Welcome to The Morning After, where I share with you what I’ve seen over the past week either in film or television. On the film side, if I have written a full length review already, I will post a link to that review. Otherwise, I’ll give a brief snippet of my thoughts on the film with a full review to follow at some point later. For television shows, seasons and what not, I’ll post individual comments here about each of them as I see fit.
So, here is what I watched this past week:
Berberian Sound Studio
A talented foley artist (Toby Jones), travels to Italy to work for a legendary Italian director on a Giallo horror film, his first such project. As he navigates the infuriating studio atmosphere, the film’s sordid subject matter begins grinding down his psyche until he can no longer tell fact from fiction.
Jones delivers a mesmerizing performance as a soft-natured British sound designer, caught up in an unusual environment where getting paid for his work may be the least difficult aspect of his new project. Jones carefully navigates the challenges of creating a gentle soul corrupted by the film’s salacious premise.
Set in the 1970’s when foley artists worked with reel-to-reel tapes and improvised props, Berberian Sound Studio is a love letter to sound designers, exposing the tricks of the trade while employing those very techniques in a pleasing, aural masterpiece. Tinges of Stanley Kubrick’s The Shining and Dario Argento’s work, most specifically Suspiria, director Peter Strickland carves out a unique place in that pantheon of films, taking us to mysterious and unforeseen places and enticing us with his appreciation of a fascinating subset of horror history.
The Hobbit: The Desolation of Smaug
When Peter Jackson announced that he had enough material to turn The Hobbit from a two-film set into a trilogy, fans and purists alike groaned at the prospect of another series of lengthy, bloated films. The first film had a touch of bloat, but moved briskly enough to diminish the impact of the running time. With The Desolation of Smaug, Jackson tightens up his narrative and ratchets up the intrigue and excitement. He gooses the tension and delivers genuine thrills that up the ante for the climactic final chapter due next year.
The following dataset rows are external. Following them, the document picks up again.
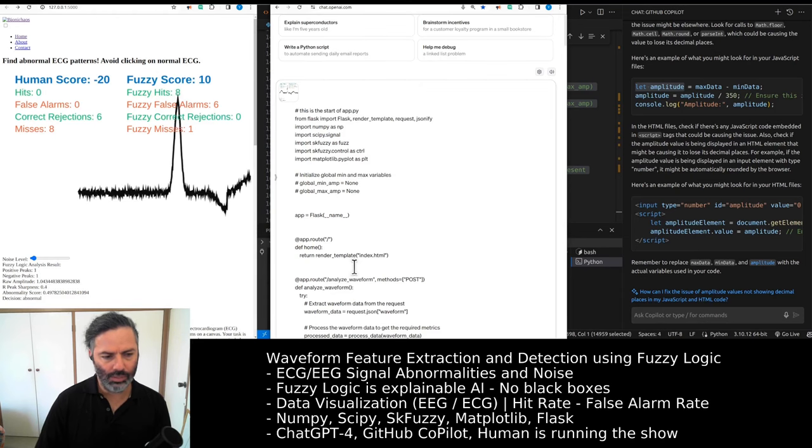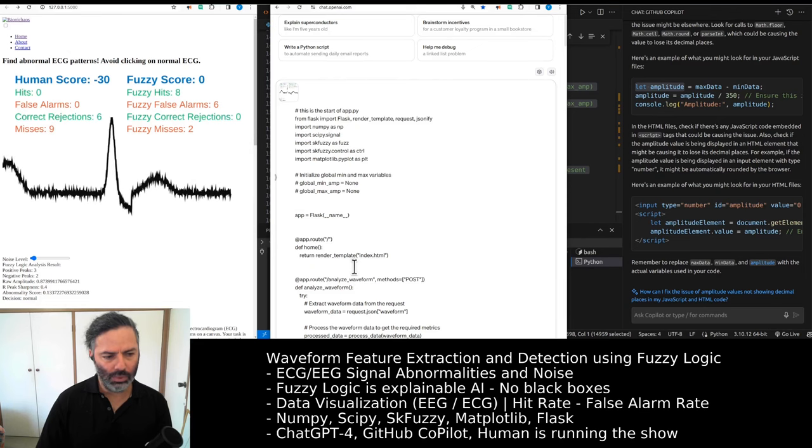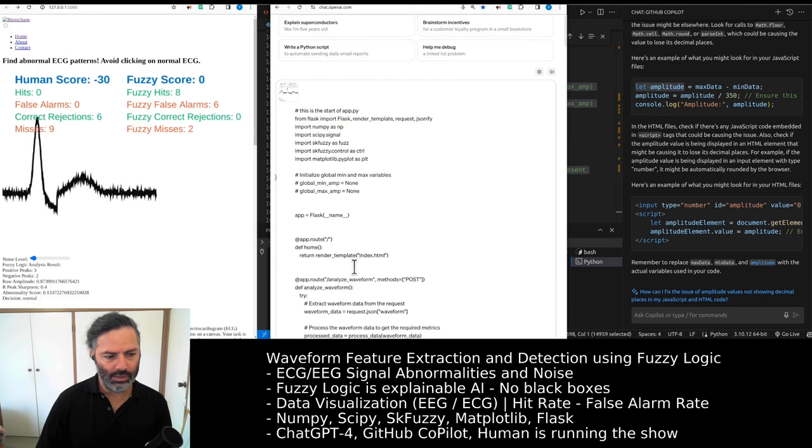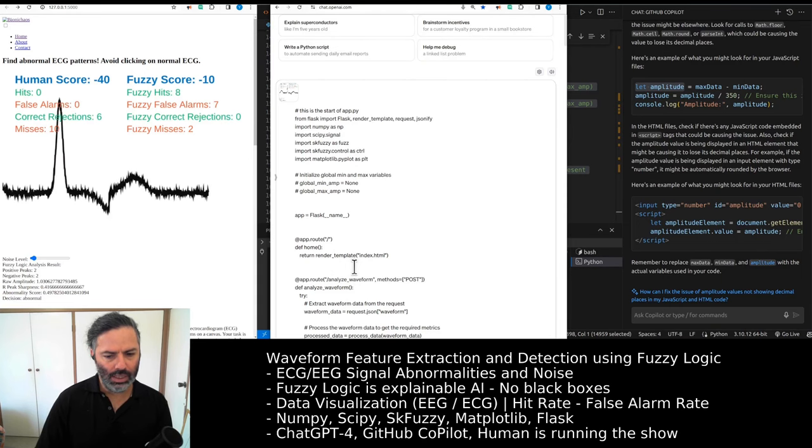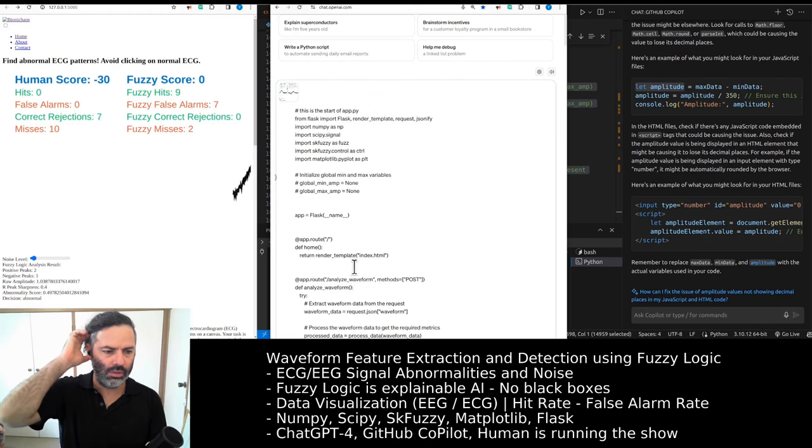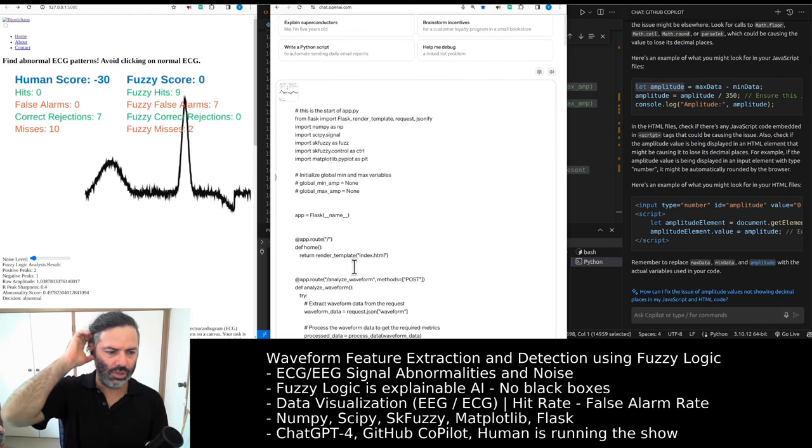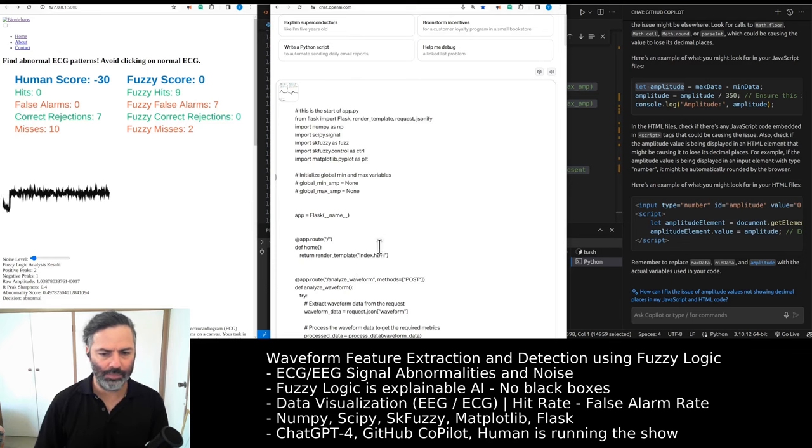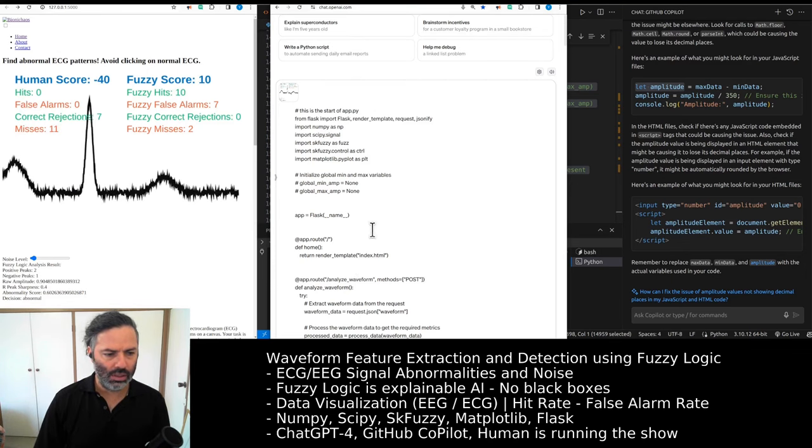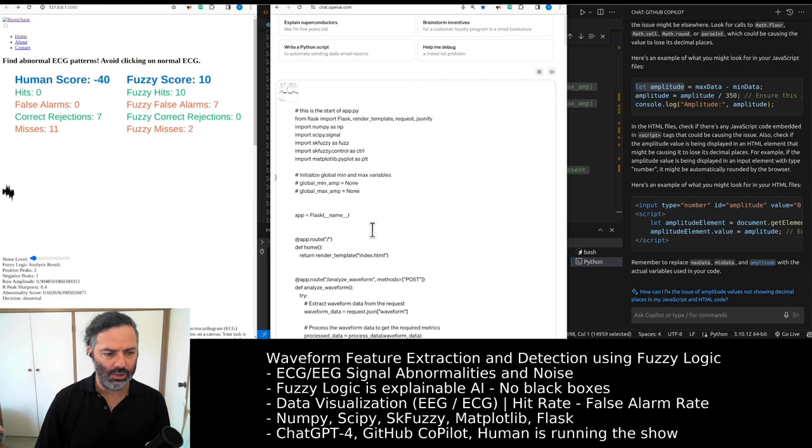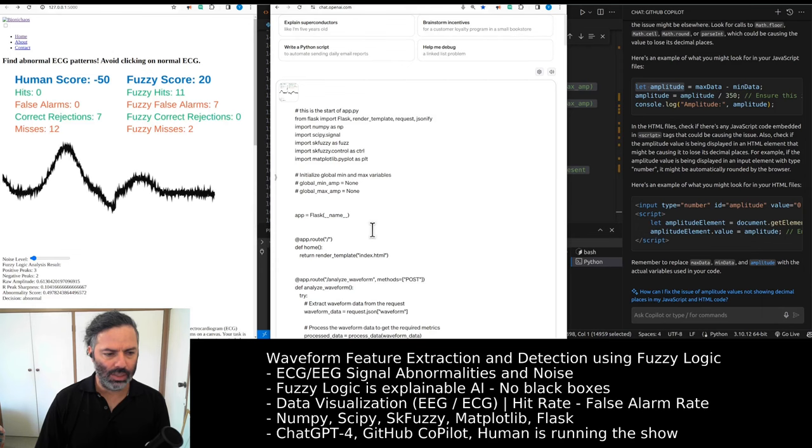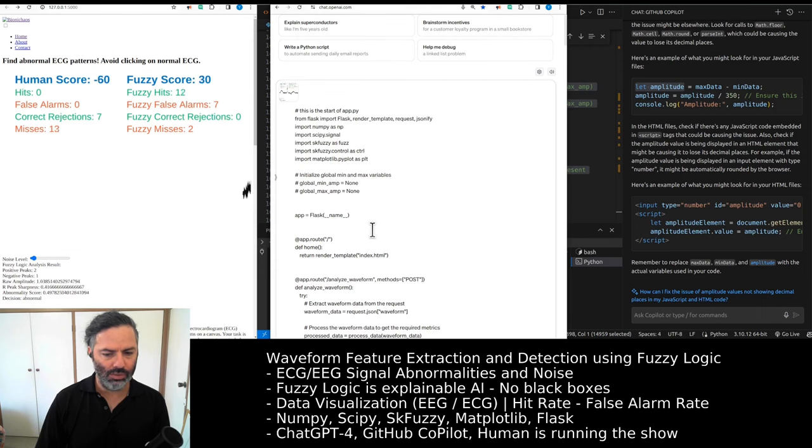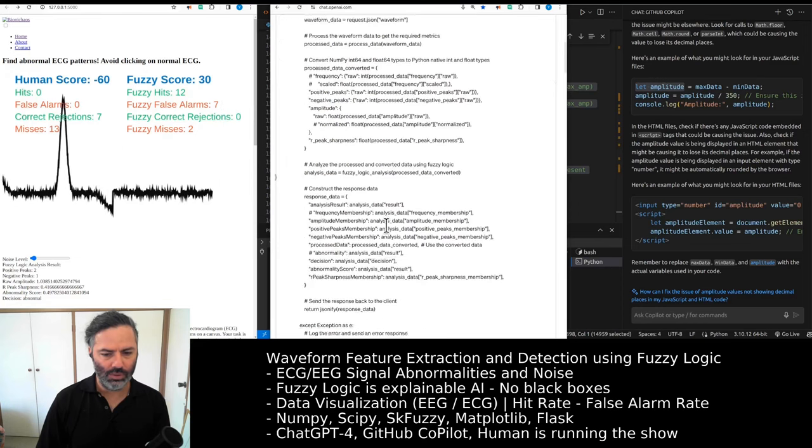The ECG waveform had the good number of positive and negative peaks. The amplitude should have been labeled as normal. Can we double check that? I think that might be what the problem is. Sharpness should have been okay, so the abnormality score should have been low enough for the algorithm to make a decision that the waveform is normal.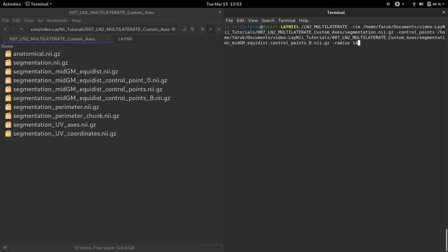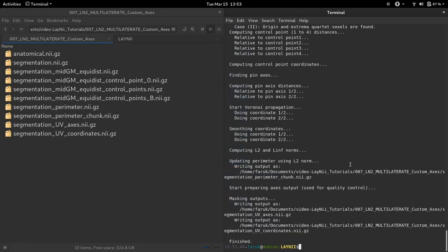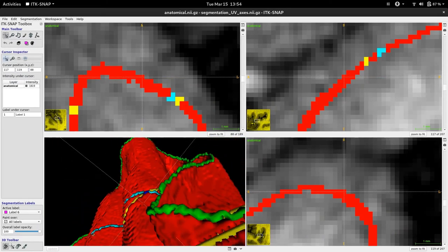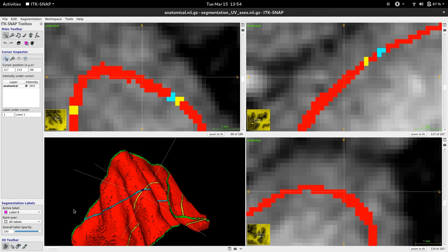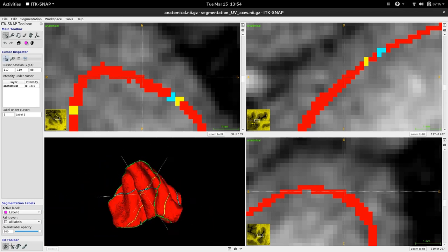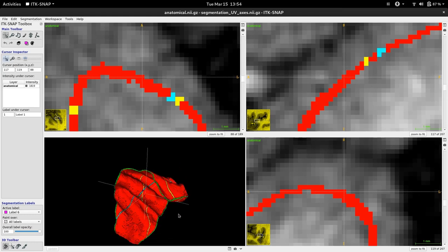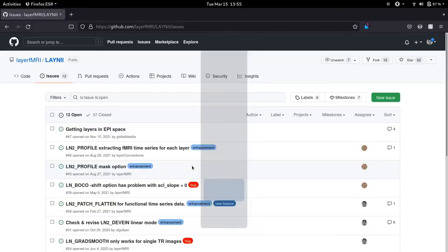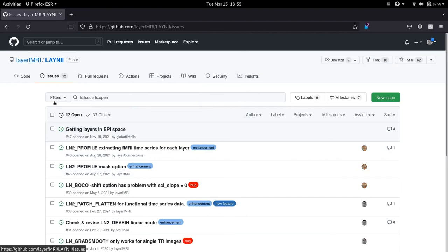Let's rerun ln2_multilaterate and see what the axes look like. The program is done and the new axis file is loaded. As you can see, the axes are found as expected. However, of course, the size of the disk looks distorted and strange — this is expected because the user has full control over the control points and how the coordinate-finding algorithm works. I do not use this custom axis option too much myself. However, if you do end up using it and have questions or problems, please visit our GitHub page, layerfmri.leyni, go to the Issues tab, and submit your issue. Renzo or I will respond to your question. That's all for today, thank you.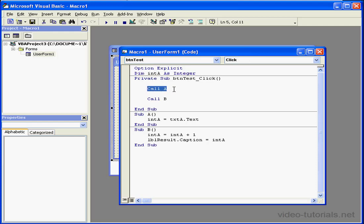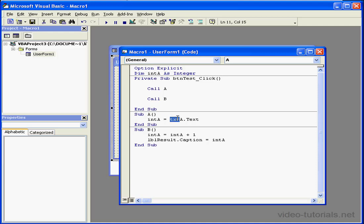When call procedure a is executed, control is transferred to subprocedure a. Integer a stores a value retrieved from the text box. When the code gets to the end of the procedure, control will send back.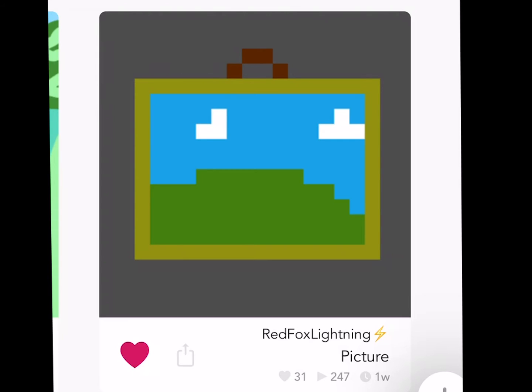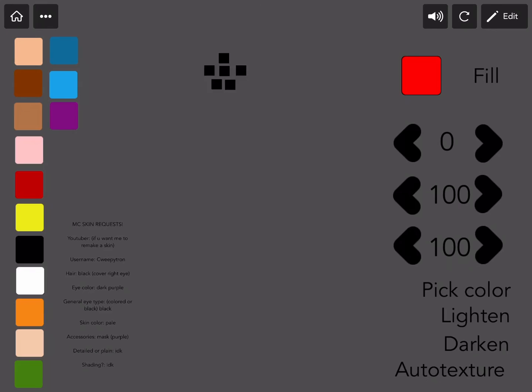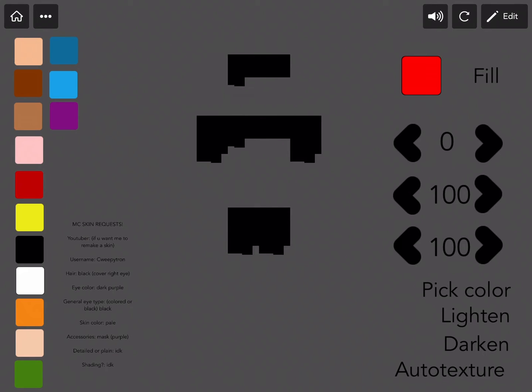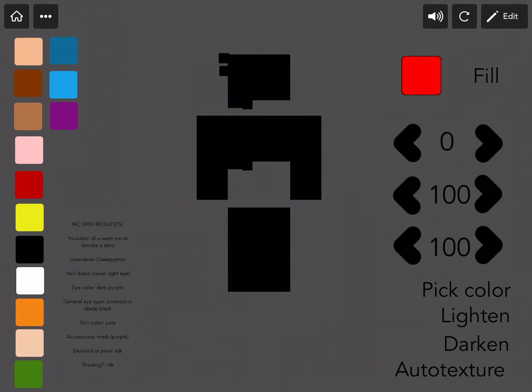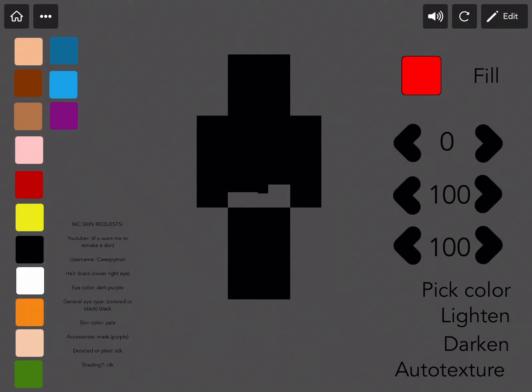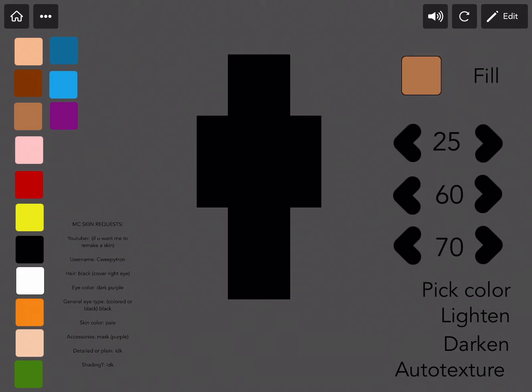Last but not least, we have Picture by RedFoxLightning. Picture is a wonderful editor to use if you're wanting to create a custom avatar for your profile picture or to send to your friends. We could toggle colors on the left, we could adjust their brightness and saturation on the right, lightening the color, darkening the color, or auto-texture.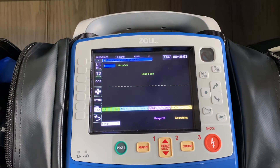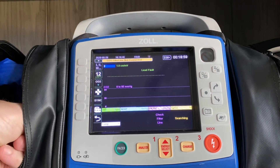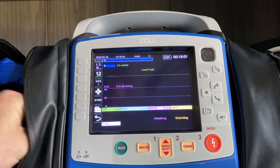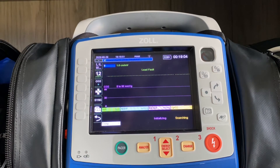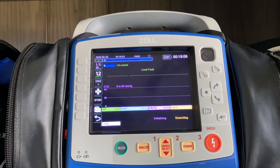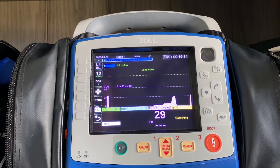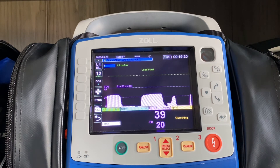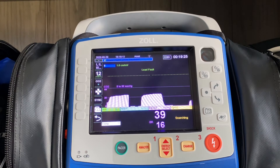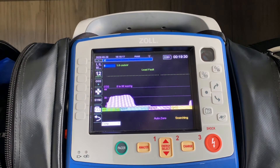The process is exactly the same. You hit the CO2 button, plug in your disposable piece, and take a couple of breaths. Those nice, flat, plateaued waveforms are what we're shooting for.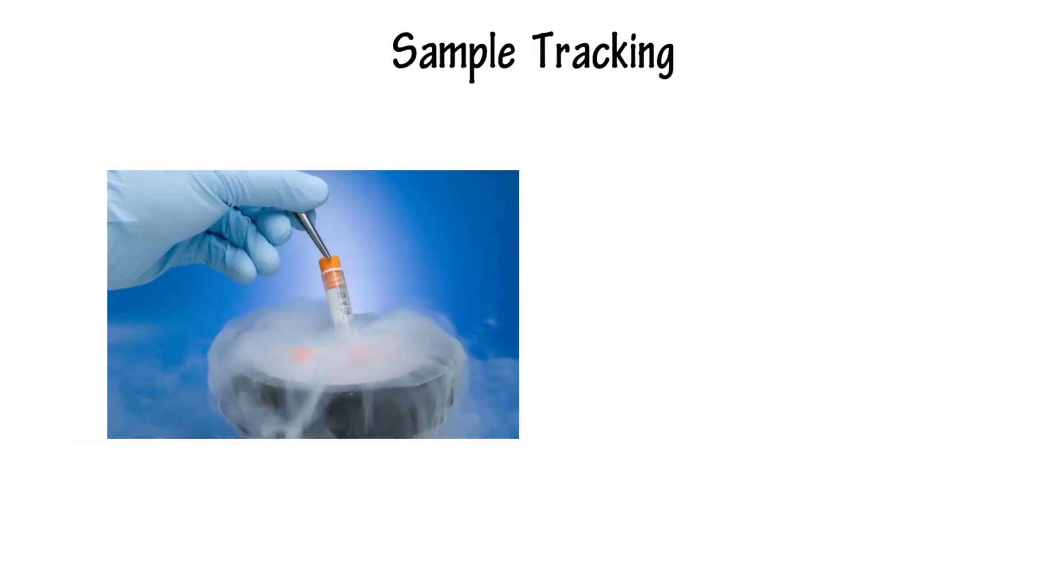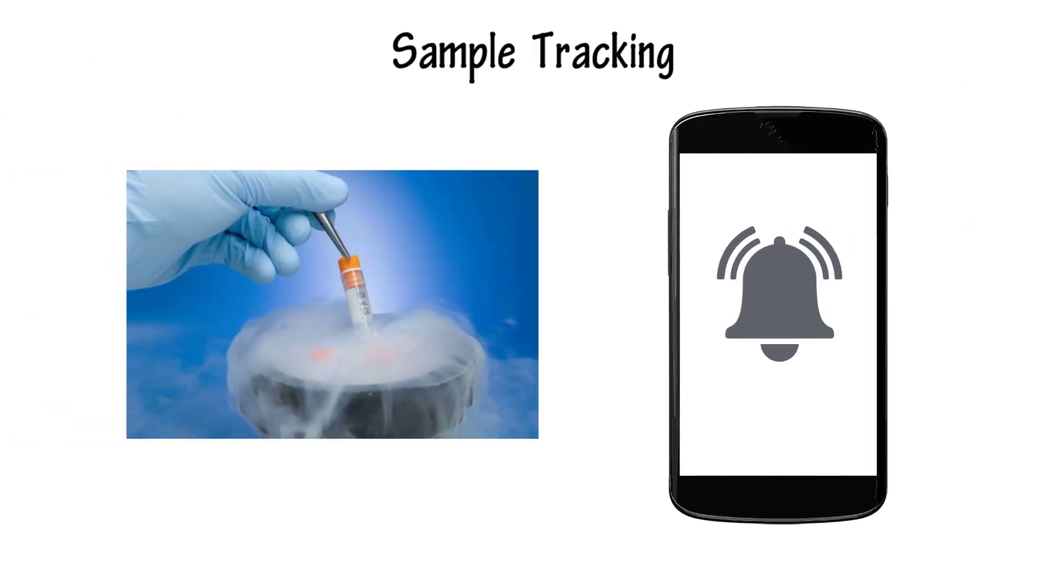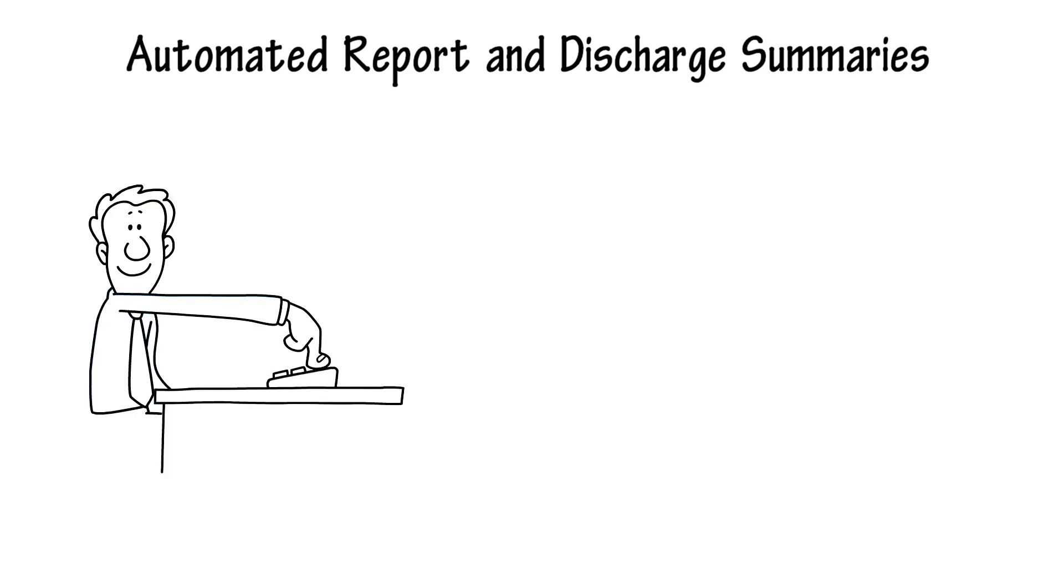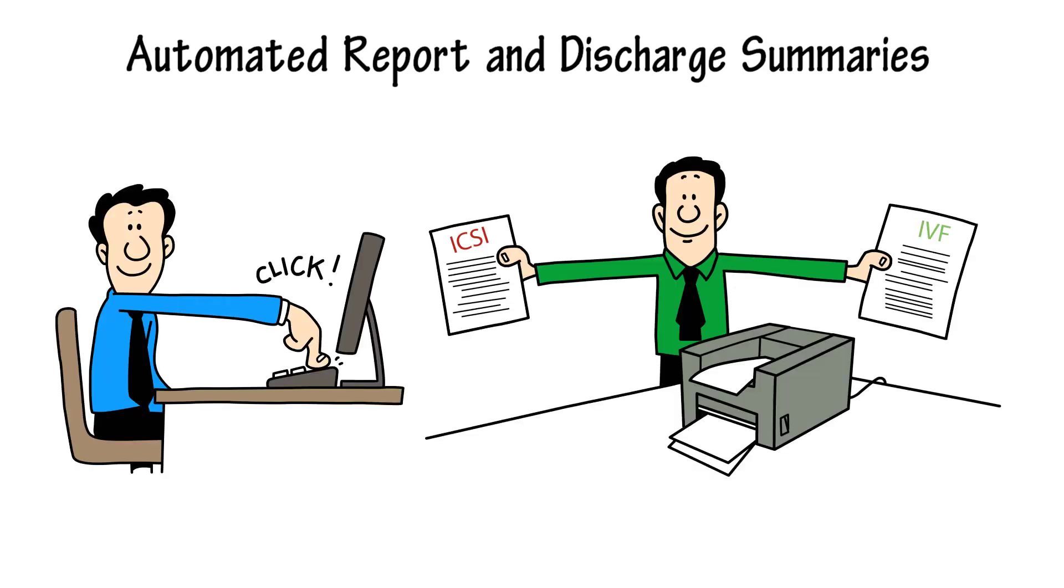Sample tracking tracks the cryopreserved sample location and notifies about free space availability. Automated reports and discharge summaries are generated instantly in the format that the hospital wants, with a click of a button.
The cast is dependable, adding Evangeline Lilly as a completely new character to the film and bringing back Orlando Bloom as Legolas. Also added to the Elven cast is Lee Pace as the vain, distrusting King Thranduil, briefly seen in the first film. Pace and Lilly do excellent work, but Bloom tests the breadth of one of the weaker characters from the first trilogy. Luke Evans and Stephen Fry add solid supporting work as men of Laketown.
There are countless exciting scenes on display, but none is more spectacular than the outlandish and brilliantly choreographed barrel ride sequence. Jackson nearly matches that level of genuine thrill with his final altercation with the dragon Smaug voiced with perfect menace by Benedict Cumberbatch. There are plenty of scenes left for the final film, which explains how Jackson could find a way to make three movies out of his material. It may irk purists with his vast departures from the source material, but fans of the world of Tolkien and the material left out of the book, but featured in prologues, afterwords and other material, should find something genuinely beautiful in this middle chapter.
Inside Llewyn Davis
I’ll preface my words on this film with my general unconcern with the work of the Brothers Coen. Unlike many of my friends and contemporaries, I find Fargo and No Country for Old Men wildly overrated, but genuinely love their films The Man Who Wasn’t There and A Serious Man, in spite of those films being considered minor efforts for the filmmaking brothers. On the subject of Inside Llewyn Davis, I find myself in a middle-ground position between my feelings for the Coens of acclaim and the Coens of unconventional.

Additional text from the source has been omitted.